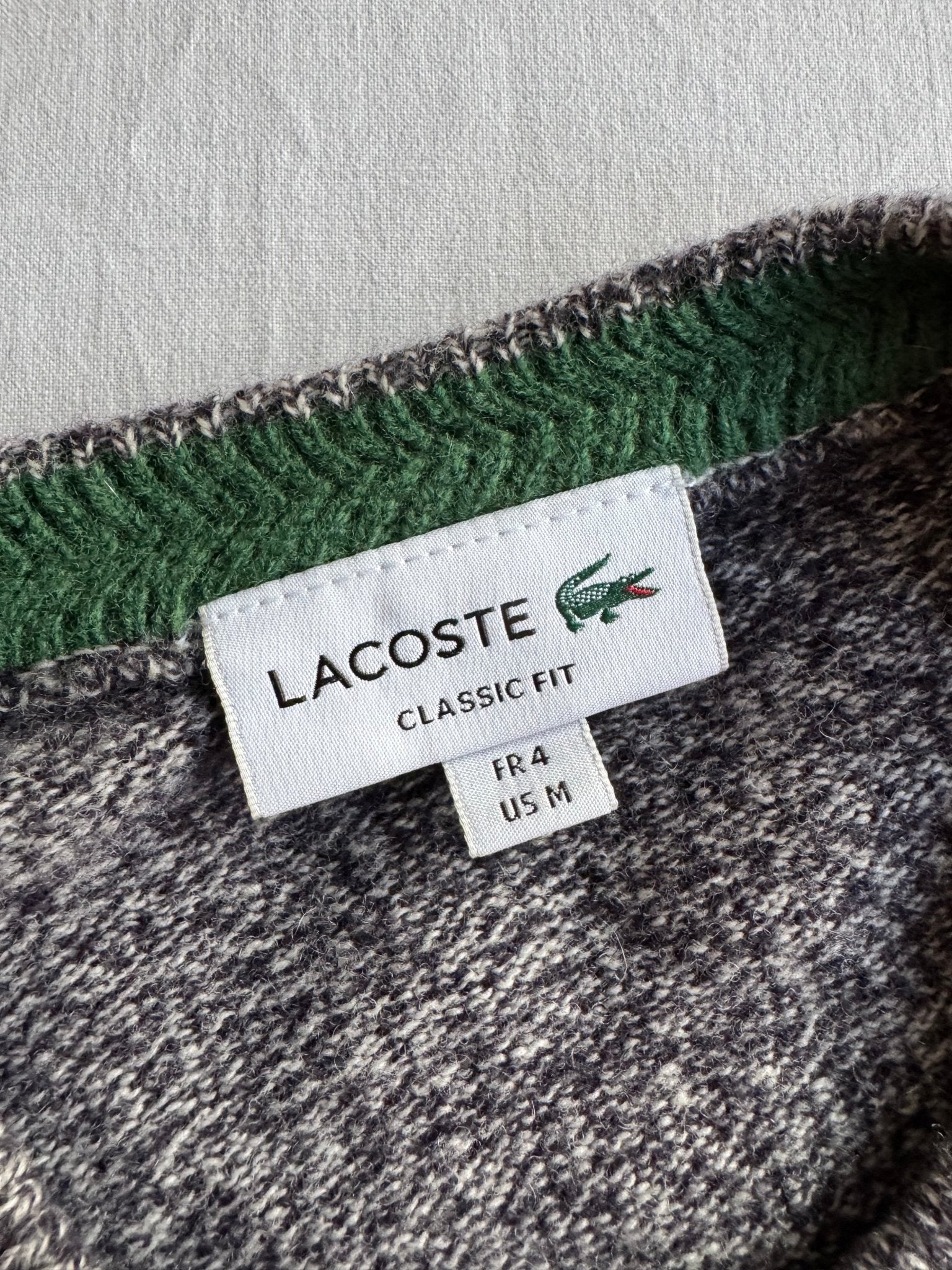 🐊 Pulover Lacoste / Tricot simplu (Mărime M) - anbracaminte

== == ==

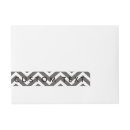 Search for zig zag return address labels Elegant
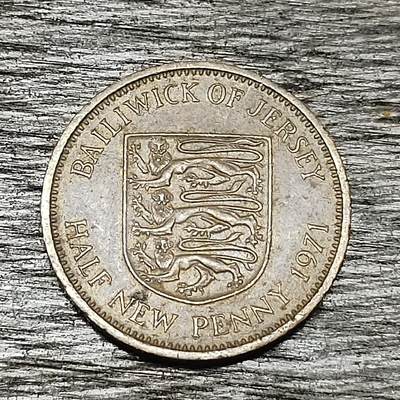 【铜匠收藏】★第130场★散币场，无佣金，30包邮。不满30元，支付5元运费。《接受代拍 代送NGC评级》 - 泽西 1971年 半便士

== == ==

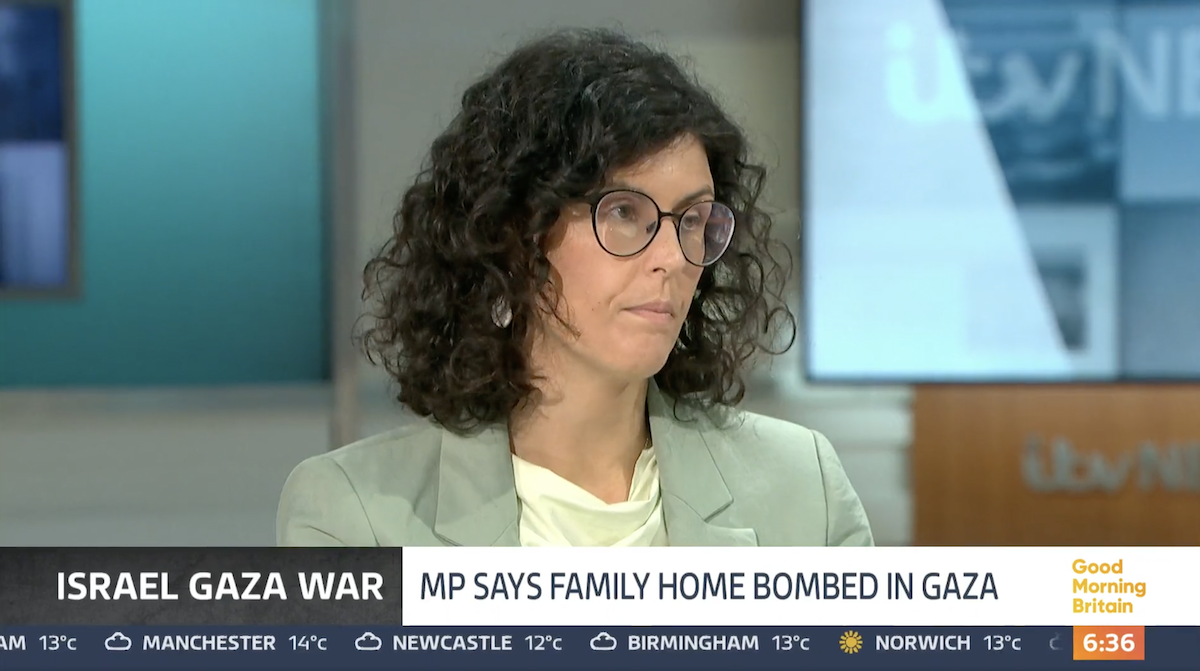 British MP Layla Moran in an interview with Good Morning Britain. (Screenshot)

== == ==

Exercise objective
Of the lines above, quote exactly those from the one with "Search for zig" through the one with "泽西 1971年 半便士", ends included; pictures stay out.

Exercise response
 Search for zig zag return address labels Elegant
 【铜匠收藏】★第130场★散币场，无佣金，30包邮。不满30元，支付5元运费。《接受代拍 代送NGC评级》 - 泽西 1971年 半便士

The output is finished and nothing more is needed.